**Work instruction**:
Scan the lines below for "cancer" and copy the matches.

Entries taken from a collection

____

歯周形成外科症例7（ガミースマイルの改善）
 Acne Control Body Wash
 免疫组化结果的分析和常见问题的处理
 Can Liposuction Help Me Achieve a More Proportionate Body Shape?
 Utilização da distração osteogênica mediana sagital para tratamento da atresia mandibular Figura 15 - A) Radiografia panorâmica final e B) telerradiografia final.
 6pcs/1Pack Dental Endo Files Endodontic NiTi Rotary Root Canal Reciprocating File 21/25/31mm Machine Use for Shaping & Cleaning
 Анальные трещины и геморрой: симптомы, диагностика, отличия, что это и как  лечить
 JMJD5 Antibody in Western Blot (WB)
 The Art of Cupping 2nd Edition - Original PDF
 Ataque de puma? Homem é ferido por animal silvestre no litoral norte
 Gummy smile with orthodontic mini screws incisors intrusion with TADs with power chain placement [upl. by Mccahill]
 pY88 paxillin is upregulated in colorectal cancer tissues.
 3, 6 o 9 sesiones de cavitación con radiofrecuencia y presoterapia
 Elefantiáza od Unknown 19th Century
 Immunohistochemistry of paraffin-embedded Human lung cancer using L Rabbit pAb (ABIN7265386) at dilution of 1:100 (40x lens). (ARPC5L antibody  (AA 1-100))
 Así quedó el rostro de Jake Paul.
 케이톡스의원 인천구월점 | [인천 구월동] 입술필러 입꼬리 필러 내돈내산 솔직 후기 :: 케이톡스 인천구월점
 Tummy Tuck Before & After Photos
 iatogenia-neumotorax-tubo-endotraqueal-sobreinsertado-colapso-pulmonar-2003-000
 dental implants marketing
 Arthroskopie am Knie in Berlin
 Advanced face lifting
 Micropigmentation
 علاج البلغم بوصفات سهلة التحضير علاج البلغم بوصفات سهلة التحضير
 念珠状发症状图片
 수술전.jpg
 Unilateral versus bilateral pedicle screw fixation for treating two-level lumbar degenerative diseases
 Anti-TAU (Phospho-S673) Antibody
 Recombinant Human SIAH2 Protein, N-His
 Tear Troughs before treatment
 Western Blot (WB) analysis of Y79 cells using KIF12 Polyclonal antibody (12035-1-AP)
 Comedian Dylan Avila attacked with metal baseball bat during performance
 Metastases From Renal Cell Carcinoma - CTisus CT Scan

____

**Exercise result**:
 pY88 paxillin is upregulated in colorectal cancer tissues.
 Immunohistochemistry of paraffin-embedded Human lung cancer using L Rabbit pAb (ABIN7265386) at dilution of 1:100 (40x lens). (ARPC5L antibody  (AA 1-100))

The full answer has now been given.